This is the nugget that is most important. Frankly, most users don’t give a crap about switching between desktop environments or big details about what the platforms do. They care about apps, and they will go where they can get their apps.

I think this is where Fedora is at a key point in their history. Yes, Ubuntu made a bold decision in its strategy, and a bunch of people left because of it, but I think in terms of the offering that Ubuntu has right now, it is much clearer, more consistent, and has a better opportunity for success. Ubuntu is more unique, Fedora…if I am being blunt…is just another distro. I see no compelling reason to use Fedora, compared to say…for example…OpenSuSE. Ubuntu is not there yet, but I think the potential in its future is greater.

@sil have always been aligned on this…distros need to make tough decisions, and that will piss some people off, but they need to make those decisions to be competitive.

Without doing something very different, it seems that most all these distros can be considered ‘also ran’. The differences between most of them seem, to me, to be very minor. So, taking a gamble, such as Ubuntu did, is what needs to be done. Maybe Fedora can differentiate itself from the pack too. Whether it will pay off, only time will tell.

People like me (ok, almost nobody is like me) don’t care much for things other than getting things done and doing so without much hassle. That’s what I look for in a distro. Install easy, use easy and… make ice cream (now that would be great).

Agreed. This is the challenge though: the general public has this view…just get on with your life and get things done, but the Open Source and Linux enthusiast base are much more opinionated in what they “need”. Hell, Ubuntu suffered for months because we moved the windows buttons from one side of the window to the other. The only people that really cared about that were enthusiasts; the general public just don’t care.

Now, Ubuntu made the difficult decision that, frankly, Ubuntu doesn’t care about being the best choice of the enthusiast…it cares about being a powerful general purpose Operating System. It took remarkable balls to do this, and was an infuriating experience. I suspect that Fedora does not want to replicate the experience, even though I think it would be good for them.

I don’t understand why these enthusiasts wouldn’t welcome a distro for the “masses”. It’s not like the distros that they favor will go away because of such. And, it would raise the awareness of Linux that others may start with such and be inspired to go on to something in line with the enthusiasts. That is what I really appreciate about the FOSS approach. If you want, you can take the kernel/source code and make a distro that exactly fits you. A big distro that us stupid people like will not prevent that at all. That I would be looked down on or ridiculed for using such a distro, well,as I look at it, don’t they have better things to do with their time and energy than paying attention to what I do?
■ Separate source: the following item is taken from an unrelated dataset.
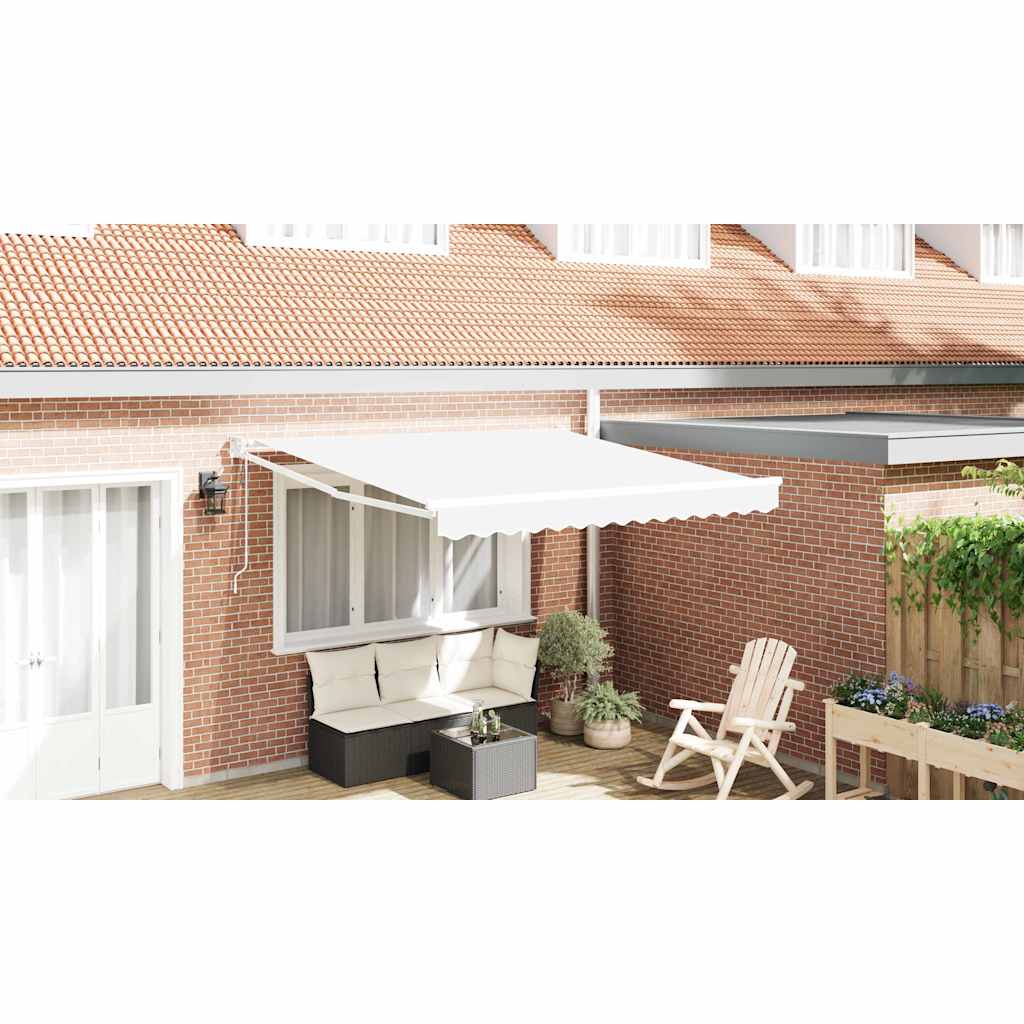 Vidaxl uitschuifbare luifel wit 300 x 250 x 165 cm polyester en metaal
Neither do I. It is nonetheless the case. PC Advisor (I think) did a series called “30 days with Linux” using Ubuntu and were dogpiled in the comments every time they said anything, negative or positive, by Linux people saying that they should have used a different distro. Reddit’s /r/ubuntu sees countless posts from new users of Ubuntu where the comments devolve into calls for this new user to use one of a bewildering variety of other desktop environments. Posts in praise of Unity get a similar treatment. I myself have basically arrived at the point where I’m not all that interested in being pat of such discussions and just walk away rather than embroil myself, similarly to how I feel about left-wing political discussions which have the same “eat our young” quality.

I totally agree and that is what was so infuriating about that whole experience. Some (certainly not all) Linux fans were frankly technical elitists who claimed that we were “dumbing down” Ubuntu. In my mind their views were contrary to the real opportunity of Open Source; to bring technical freedom to anyone, not just those with technical chops.